OpenStack Havana Cloud Application

Introduction

The OpenStack Havana Cloud Application is a quite standard Havana Openstack installation. The application uses Stackforge Puppet modules to deploy and manage Openstack components.

Version

Openstack components basically are installed in the Havana version, but there are exceptions:

  • Savanna is in the 0.3 version
  • Ceilometer is backported from the Openstack Icehouse version

Hardware

Servers

Server nodes are divided into two groups:

  • controller nodes with names like: ctrl1, ctrl2, etc.
  • compute nodes with names like: comp1, comp2, etc.

Networks

There are three networks:

  • a management network
  • a private network
  • a public (external) network

Every server is connected to the management and the private network. The public network is available only on controller nodes - where Neutron L3 Agents are installed.

The management network is used for servers management and Openstack components communication. The private network is used by Neutron to connect VMs and by Swift for internal communication.

10Gb bandwidth is recommended for the private network.

Communication with external networks is provided through the public network.

Openstack components

Keystone

A standard installation where Keystone is run on the controller node and has a Mysql 5.5.x backend. A Keystone database is stored in the Mysql on the controller node.

Nova

A standard installation where Nova uses KVM hypervisor to run VMs on compute nodes. Core Nova services are run on the controller node and the Nova compute service is run on every compute node. Instances are stored on a /dev/sda4 partition which is EXT4 formatted and mounted at /var/lib/nova/instances. A Nova database is stored in the Mysql on the controller node.

Glance

A standard installation where images are stored in a local disk storage on the controller node. Images are stored on a /dev/sda4 partition which is EXT4 formatted and mounted at /var/lib/glance. A Glance database is stored in the Mysql on the controller node.

Horizon

A standard installation where Horizon is run on an Apache HTTP server on the controller node.

Cinder

Cinder API and scheduler are run on the controller node. Volumes are stored on compute nodes as LVMs on the cinder-volumes VG which uses a /dev/sda5 partition as a PV. Volumes are shared to VMs through iSCSI protocol by tgt software. A Cinder database is stored in the Mysql on the controller node.

Swift

Swift proxy server is run on the controller node. Account, Container and Object storage servers as well as related services (auditors, updaters, replicators, etc.) are run on every compute node. Objects are stored on a /dev/sda6 partition which is XFS formatted and mounted at /srv/node/sda6. HAproxy is configured in front of swift proxy server as a SSL terminator. By default there is an one region configured with five zones and three replicas, however an amount of zones and replicas are configurable. Amazon S3 API is disabled due to a bug in Keystone, but the API will be enabled when we switch to the Icehouse version. Internal communication in Swift is realized through the private network.

Neutron

Neutron uses Open vSwitch plugin to configure bridges on nodes. It supports network namespaces to fully separate networks owned by different tenants, so it is posible that two or more tenants have configured the same network. Additionally Neutron uses GRE tunnels for network traffic separation outside nodes. Core Neutron services (dhcp, l3, server) are run on the controller node and the Open vSwitch agent is run on every compute node. A Neutron database is stored in the Mysql database on the controller node.

Ceilometer

Ceilometer uses MongoDB database as a backend. The database and core services are run on the controller node. The Compute agent is run on every compute node. MongoDB database files are stored on a /dev/sda6 partition which is EXT4 formatted and mounted at /var/lib/mongodb.

Savanna

Savanna is run on the controller node. A database is stored in the Mysql on the controller node.

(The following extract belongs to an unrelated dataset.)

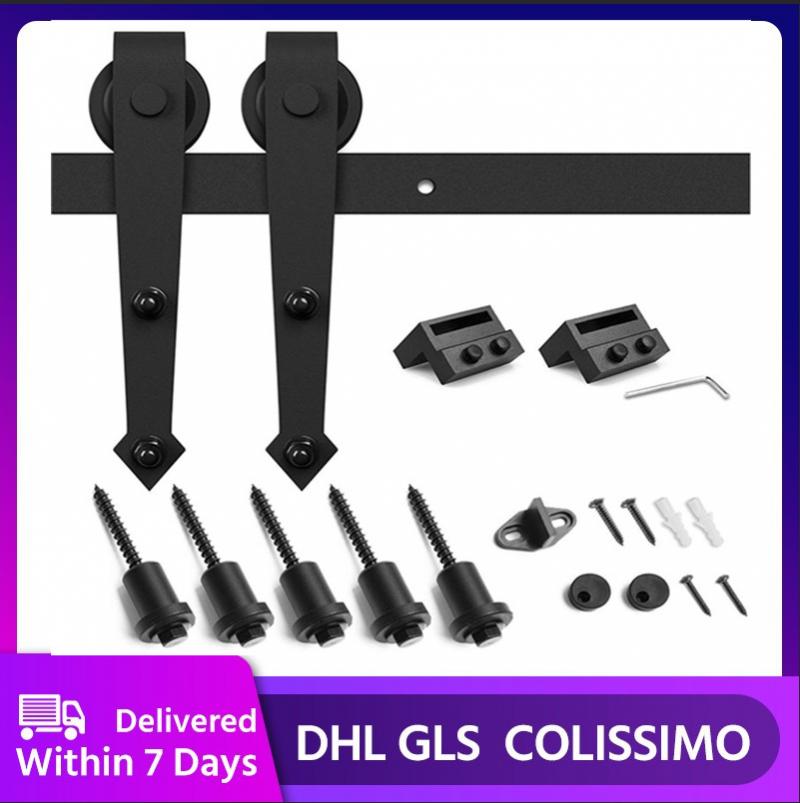 Hardware Wood Barn Door Hanging Rail Home Sliding Door Barn Track Hardware Sliding Door Track Kit Barn Door System Slide Kit HWC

By default there are two VM images installed:

  • Sahara 0.3 Vanilla 1.2.1 Ubuntu 13.04
  • Sahara 0.3 HDP 1.3 Centos 6.4

and two plugins:

  • Vanilla Apache Hadoop 1.2.1
  • HDP 1.3.2

High availability vs non-high availability architecture

Both architectures shares the same OpenStack components. The only difference is in number of controller nodes. In a non-high availability architecture there is only one controller node (ctrl1) and many compute nodes. There are only one Mysql and one RabbitMQ instances, without any replication. They are run on the controller node. In a high availability mode 3 controller nodes are required. To allow coexistence of more then one controller node, following changes were made:

  • in place of regular MySQL server Percona XtraDB Cluster is used (where Galera library for active-active HA is used)
  • all OpenStack services are run behind HAproxy
  • Pacemaker with Corosync is used to provide roaming IP addresses (VIP) for HAproxy
  • RabbitMQ cluster is used for messaging
  • Swift is used for Glance backend

Location of Openstack services

Compute nodes are primarily intended to run virtual machines as well as to store Cinder Volumes and Swift Objects.

A list of Openstack services which are run on compute nodes:

  • nova-compute
  • neutron-openvswitch-agent
  • cinder-volume
  • swift storage servers (account, container, object)
  • ceilometer-agent

Controller nodes holds all remaining Openstack services.